**TRY IT**
Use the entries below and reproduce exactly the lines from the one containing "Tellur Casca Bluetooth Vox 5 Multipoint Black" down to the one containing "海外の顧客限定先行セール 2024SS トートバッグ CELINE セリーヌ", both of them included.

**WORKING DATA**

* * *

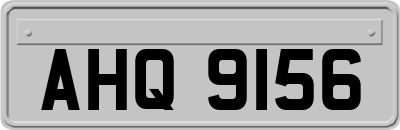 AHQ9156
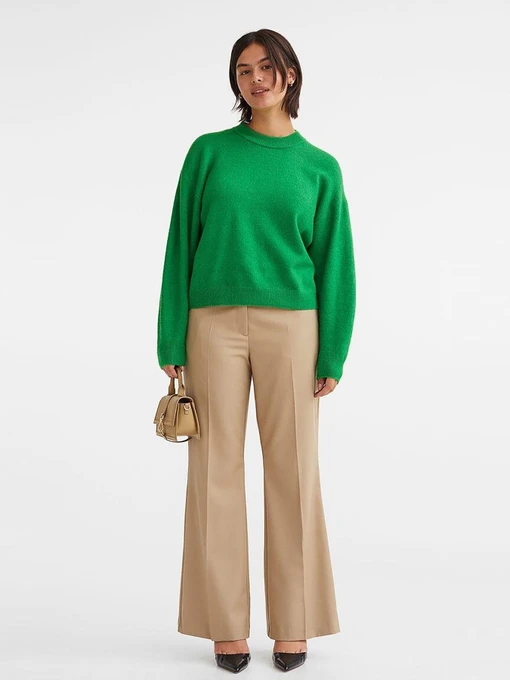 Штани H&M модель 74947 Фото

* * *

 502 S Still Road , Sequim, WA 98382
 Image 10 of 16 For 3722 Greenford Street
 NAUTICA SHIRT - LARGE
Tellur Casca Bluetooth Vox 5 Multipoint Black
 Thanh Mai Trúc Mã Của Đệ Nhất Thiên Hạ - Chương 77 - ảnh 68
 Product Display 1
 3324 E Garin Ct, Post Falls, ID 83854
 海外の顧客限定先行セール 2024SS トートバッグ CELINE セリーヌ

* * *

**SOLUTION**
Tellur Casca Bluetooth Vox 5 Multipoint Black
 Thanh Mai Trúc Mã Của Đệ Nhất Thiên Hạ - Chương 77 - ảnh 68
 Product Display 1
 3324 E Garin Ct, Post Falls, ID 83854
 海外の顧客限定先行セール 2024SS トートバッグ CELINE セリーヌ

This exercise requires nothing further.